I have this same question but I see that 6.4 years ago people were of the opinion that a lot of the best practices were still under development and included quite a bit of of trial and error. I'm assuming things have improved now and the genomics/informatics community can probably point out some of the more popular/standard pipelines that are in use today. So I have the same question again:
What Is The Best Pipeline For Human Whole Exome Sequencing in 2016?
Development and validation of a whole-exome sequencing test for simultaneous detection of point mutations, indels and copy-number alterations for precision cancer care
It all depends to the number of samples in question for which exome data is produced and what depth of coverage has they been subjected to.
Before any SNP calling is made thr processing of bam files is mostly done by gatk and I would still go by it. However if you do not have enough samples and you are also having medium depth in the lines of 70-80x then other algorithms should be used for the variant calls in this case. Plethora of tools are available.
Gatk works well with high depthand large number of samples but if you have less number of samples then it is advisable to use gatk for processing alignments but final call can be made on gatk processed aligned files with other variant callers.

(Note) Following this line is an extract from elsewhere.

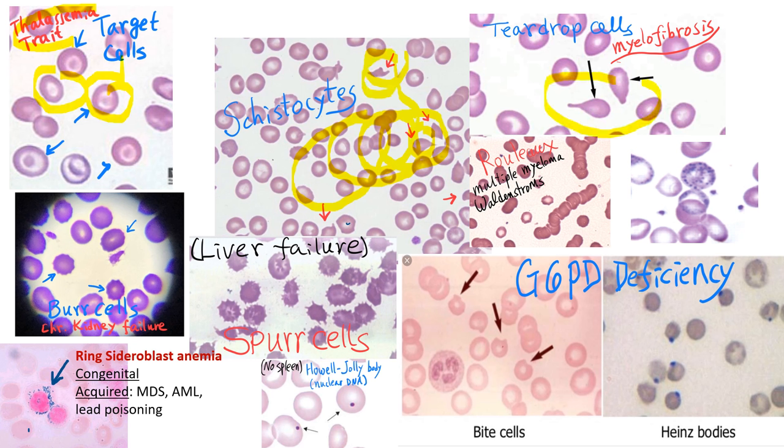Teardrop cells are seen in myelofibrosis, where the bone marrow is so fibrotic that RBCs are squeezed out of the fibrotic marrow. Because the bone marrow is not a suitable place to produce blood cells, other organs such as the spleen are used, and patients with myelofibrosis usually have splenomegaly.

If you are working in tumor and there are evidences that low infiltrating mutations might hamper the genome stability causing mutational aberrations that might lead to a tumoral evolution. I would go for something like Mutect2 in that case. Rest any tool that targets high frequency mutations can be used to call variants. I always preferred the marriage of gatk preprocessing followed with variant calling post processing the alignment with some targeted variant callers to provide much more reliable and true positive calls.
See these artiles to get the information:
VDAP-GUI: a user-friendly pipeline for variant discovery and annotation of raw next-generation sequencing data
https://www.ncbi.nlm.nih.gov/pmc/articles/PMC4754298/
MutAid: Sanger and NGS Based Integrated Pipeline for Mutation Identification, Validation and Annotation in Human Molecular Genetics
https://www.ncbi.nlm.nih.gov/pmc/articles/PMC4739551/
Evaluation of Next Generation Sequencing Platforms for Whole Exome Variant Analysis
http://www.omicsonline.org/open-access/evaluation-of-next-generation-sequencing-platforms-for-whole-exome-variant-analysis-2471-2663-1000112.pdf
This article below is from June 2015, but I don't think half a year really matters:
New insights into the performance of human whole-exome capture platforms
http://nar.oxfordjournals.org/content/early/2015/03/27/nar.gkv216.full
Development and validation of a whole-exome sequencing test for simultaneous detection of point mutations, indels and copy-number alterations for precision cancer care
http://www.nature.com/articles/npjgenmed201619
New tool mines whole-exome sequencing data to match cancer with best drug
https://www.sciencedaily.com/releases/2016/03/160329184959.htm
Unsolved challenges of clinical whole-exome sequencing: a systematic literature review of end-users’ views
https://bmcmedgenomics.biomedcentral.com/articles/10.1186/s12920-016-0213-6
Most advances are reported for new medical treatment.